The Application Bar is kind of a gray area — both literally (it is the gray area at the very bottom of the WordPerfect window) and figuratively (its purpose in life is kind of murky, filled with a hodgepodge of tasks). Figure 4 shows you what’s on this bar.

The Application Bar hosts a bunch of stuff.

Figure 4: The Application Bar hosts a bunch of stuff.

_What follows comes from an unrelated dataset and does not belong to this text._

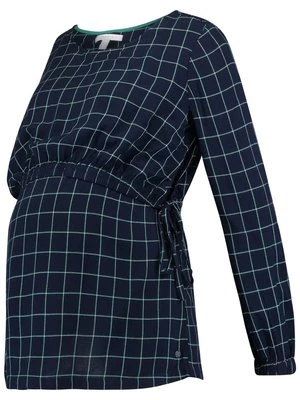 Obrázek produktu Blůza Esprit Maternity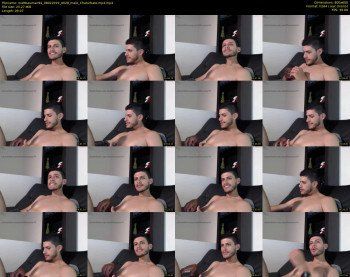 mattbauman94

The WordPerfect Application Bar displays buttons that reveal or control various aspects of WordPerfect or your document. They are as follows:

  • Document buttons: The left side of the Application Bar displays the name of the document you’re working on. This feature comes in quite handy when you are working with more than one document. Clicking the name of the document activates it in the window.
  • Digital signature: Clicking the icon with the pad and pen displays a dialog box that allows you to digitally sign a document for security purposes. You may not really need this kind of security. If so, ignore this button unless you’re James Bond!
  • Shadow cursor: The button that has a kind of blurry-looking capital I enables you to switch the shadow cursor on or off. While the regular cursor is the blinking vertical line after which text appears when you type, the shadow cursor shows you where the cursor or insertion point would go if you were to click the mouse button. Click the blurry picture once or twice, move your mouse around the document, and you’ll get the idea.
  • All Caps: The button labeled AB enables you to switch between typing normally and typing in all uppercase. It does the same thing as the Caps Lock key on your keyboard, but is more helpful: You know All Caps is turned on because the button has a pressed-in state.
  • Print: The printer icon takes you to the Print to dialog box. From there, you can set up your printer or print your document.
  • Insert/typeover mode: The button where the word Insert appears in Figure 4 controls whether you are typing in insert or typeover mode. This button does the same thing as the Insert key on your keyboard.
    When you are editing something fancy, such as a table or a merge file, other information may appear in this box.
  • Text cursor position: At the far right, the Application Bar tells you where you are in your document, including the page number (Pg), how far down the page you are (Ln), and where you are across the page (Pos).